警視庁捜査一課の坂東係長(相島一之)や船瀬主任(阪田マサノブ)とともに遺言状の開示に立ち会った窪塚刑事(三浦貴大)は阿比留の胡散臭さに辟易する。
しかし・・・筆跡鑑定により・・・前副総監の実子と内縁の妻が持ち寄った二通の遺言状のうち・・・内縁の妻のものは偽造と判定される。
だが・・・内縁の妻に接近した玲奈は・・・鑑定用の資料となった前副総監の日記そのものが偽造されたものだと・・・窪塚刑事に匿名通報するのだった。
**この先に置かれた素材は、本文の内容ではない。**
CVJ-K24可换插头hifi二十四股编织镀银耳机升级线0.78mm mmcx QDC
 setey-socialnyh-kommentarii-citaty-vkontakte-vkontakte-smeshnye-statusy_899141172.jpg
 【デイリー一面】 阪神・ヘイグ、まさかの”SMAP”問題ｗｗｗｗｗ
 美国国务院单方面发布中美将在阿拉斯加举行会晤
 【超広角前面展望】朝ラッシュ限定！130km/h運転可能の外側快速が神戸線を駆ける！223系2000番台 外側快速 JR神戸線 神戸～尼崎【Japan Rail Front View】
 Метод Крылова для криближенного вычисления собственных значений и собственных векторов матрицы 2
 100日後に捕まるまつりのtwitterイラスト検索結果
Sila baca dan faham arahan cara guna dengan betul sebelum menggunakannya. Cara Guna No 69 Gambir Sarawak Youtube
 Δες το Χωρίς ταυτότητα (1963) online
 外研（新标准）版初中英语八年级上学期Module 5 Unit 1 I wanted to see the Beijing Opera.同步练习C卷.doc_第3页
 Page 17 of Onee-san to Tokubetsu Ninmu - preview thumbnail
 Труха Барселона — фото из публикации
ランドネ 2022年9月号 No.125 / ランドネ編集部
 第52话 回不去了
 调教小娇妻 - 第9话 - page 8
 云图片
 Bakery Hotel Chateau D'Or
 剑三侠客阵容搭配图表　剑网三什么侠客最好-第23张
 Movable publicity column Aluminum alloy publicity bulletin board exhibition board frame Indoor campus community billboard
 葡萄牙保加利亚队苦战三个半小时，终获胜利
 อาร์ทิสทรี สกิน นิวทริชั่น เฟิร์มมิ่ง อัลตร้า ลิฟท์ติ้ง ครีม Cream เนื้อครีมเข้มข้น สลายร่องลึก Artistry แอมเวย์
私文書偽造は刑法犯なので・・・窪塚刑事は前副総監の実子を私文書偽造等の罪(刑法159条)で逮捕するのだった。
阿比留の前に立ちふさがる玲奈。
「すべて・・・あなたのたくらみでしょう」
「残念ながら・・・証拠がありませんな」
「実行犯には・・・因果を含めてあるってわけ・・・」
「想像におまかせします・・・妹さんをストーカーに殺させた探偵を憎んで探偵全員を敵にしている紗崎玲奈さん」
「・・・」
「みんな・・・一生懸命仕事をしているだけなんですから・・・ほどほどにしてくださいよ」
「私も業務を遂行しているだけよ」
「中学生が自殺する・・・いじめがあったと担任教師が責められる・・・しかし・・・それが自殺した中学生の妄想だったらどうするんです・・・ただの死にたがりの中学生のために・・・中学校の教師全員が悪人認定ですか・・・」
「私の妹は半分・・・炭になっていた・・・そういう現実を招いた関係者を全員・・・許さない」
「妹を守れなかった・・・あなた自身もですか・・・」
「・・・」
「一言・・・申し上げておきましょう・・・その探偵はきっと優秀な男だったのでしょう・・・もしかしたら・・・あなたの社に・・・彼はいるのかもしれない」
「承知の上よ」
「なるほど・・・探偵を全員・・・殺す気なんですね」
無言で応じる玲奈だった。
情報産業の従事者にとって口は災いの元だからである。
戦いはまだ始ったばかりなのである。